Troppo spesso politici e amministratori dimenticano che nel momento in cui assumono veste istituzionale dovrebbero ritenersi espressione e rappresentanti dell’intera collettività. Questo significa che comportamenti, azioni, decisioni e scelte, come ha avuto modo dire il vescovo di Terni Giuseppe Piemontese, debbono essere volti al “bene civile, sociale, morale e spirituale della collettività, di tutto il popolo, della Nazione”. Niente favoritismi, perciò per gruppi, potentati, consorterie, schieramenti.

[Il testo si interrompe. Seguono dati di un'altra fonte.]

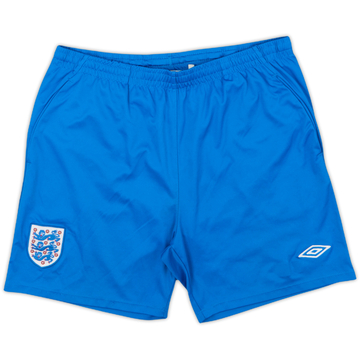 2010-11 England Home Shorts - 7/10 - (L.Boys)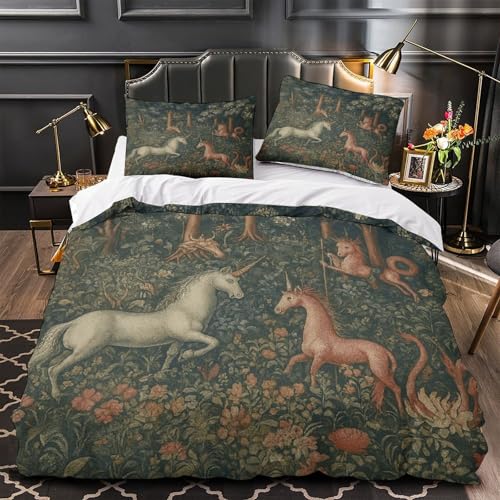 Parure de lit imprimée ranch 3D pour une chambre style évasion - 2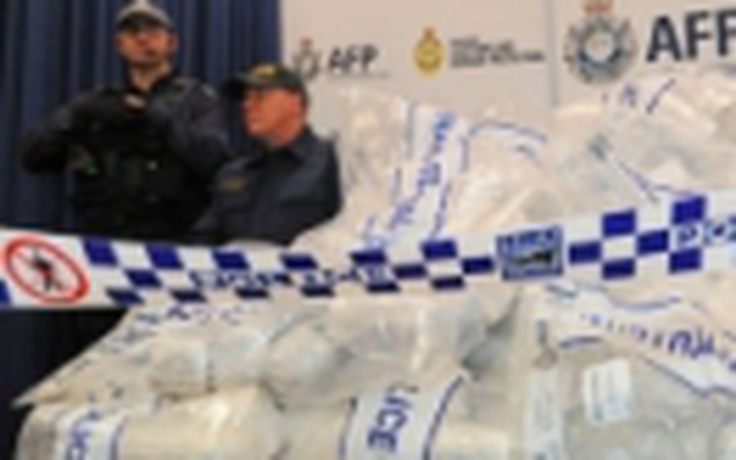 Cảnh sát Úc triệt phá đường dây ma túy quốc tế lớn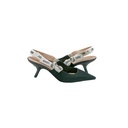 Christian Dior J'Adior Slingback Pump Black Technical Fabric In Size 39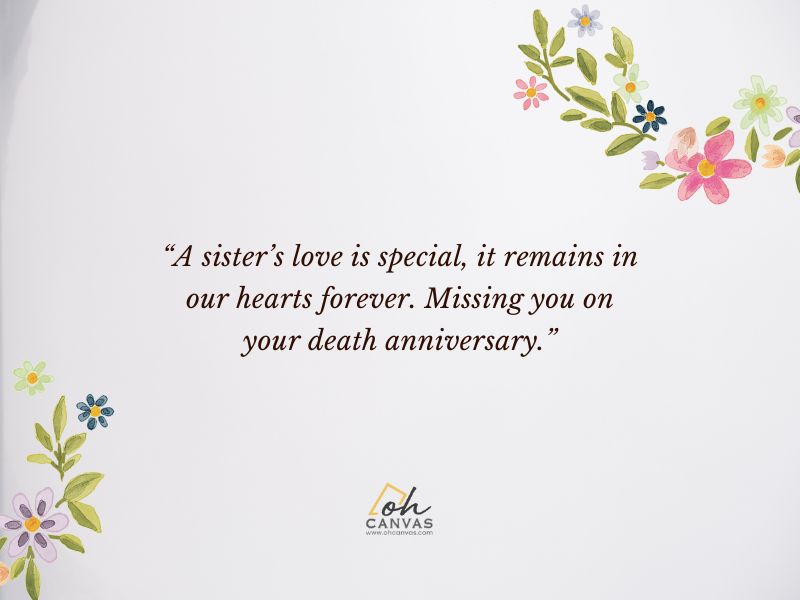 Remembrance Death Anniversary Quotes For Sister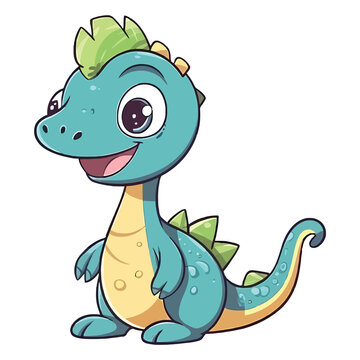 Cute Dryosaurus Dinosaur 2d Illustration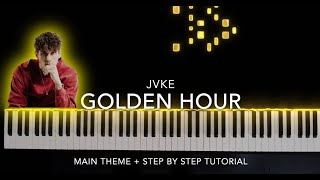 Golden Hour Piano Tutorial (Piano only / Chords Explained)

Appunto troppo spesso, però, chi mette piede nel “palazzo” dimentica che la parola “Istituzione” si scrive con la “I” maiuscola in segno di rispetto e considerazione. Proprio perché è nelle Istituzioni che i cittadini dovrebbero trovare il rispetto dei diritti, della libertà, e la risposta alle difficoltà ai problemi, alle questioni inerenti la loro vita. Anche il Sindaco o il Presidente della Regione e della Provincia, gli assessori, i consiglieri eletti sono Istituzioni e chi si trova a rappresentarle – pro tempore, non in pianta stabile – è vincolato a comportamenti e atteggiamenti consoni al ruolo. Che è identico sia quando si sta nel “palazzo” che quando si va per strada, a far compere, a spasso o a festeggiare con gli amici.

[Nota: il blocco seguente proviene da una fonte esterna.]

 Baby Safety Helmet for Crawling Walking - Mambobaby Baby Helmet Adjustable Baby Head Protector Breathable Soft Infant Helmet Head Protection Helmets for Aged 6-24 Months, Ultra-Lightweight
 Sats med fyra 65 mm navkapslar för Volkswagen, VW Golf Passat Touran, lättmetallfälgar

Nella realtà le cose non vanno sempre così. Se un amministratore della cosa pubblica usa il proprio status per avvantaggiare un amico o un cliente a scapito di qualcun altro, l’Istituzione è rispettata? Se un amministratore esercita il proprio mandato non con spirito di servizio, ma di rivalsa e vendetta personale, per una specie di resa dei conti, l’istituzione è rispettata? Se un eletto nelle assemblee mette in scena gazzarre, si comporta da padrone del vapore cavalcando l’arroganza, l’Istituzione è rispettata?

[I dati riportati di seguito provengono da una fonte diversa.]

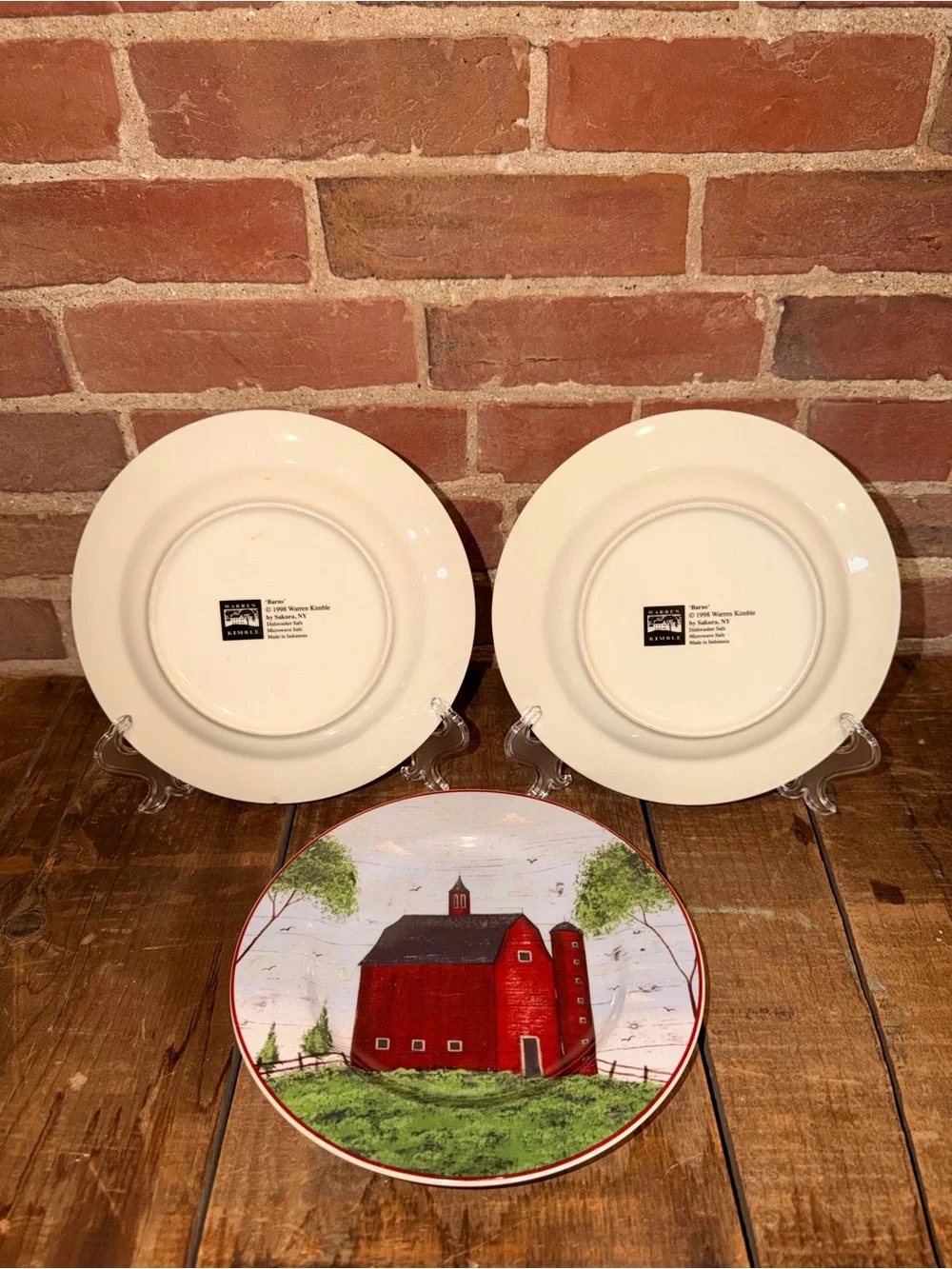 Certified International pair decorative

E quegli eletti al consiglio comunale di Terni che hanno omesso di dichiarare pendenze che li avrebbero resi non eleggibili, rispettano l’Istituzione? No, cercano di aggirarla. Costoro, in verità, dovranno comparire davanti al giudice ai primi di maggio. Ci sarà una sentenza che li riguarderà, certo proporzionata alla manchevolezza (chi ha dimenticato una rata della retta d’asilo non può essere equiparato a chi ha taciuto di tasse non pagate per migliaia di euro). E, in caso di sentenza non favorevole, sarà rispettare le Istituzioni il tirare a campare fidando in appelli e contro appelli continuando a sedere nell’aula di Palazzo Spada? La fiducia dei cittadini, in un caso del genere, è ben riposta?
E infine: se un sindaco manda in giro foto ammiccanti che sembrano a volte sfottò nei confronti di altre città o degli avversari politici, o che ammiccano – ancora, ma il verbo giusto è quello – a convinzioni irrispettose di scelte di vita da lui con condivise, dà lustro a quella fascia tricolore che indossa?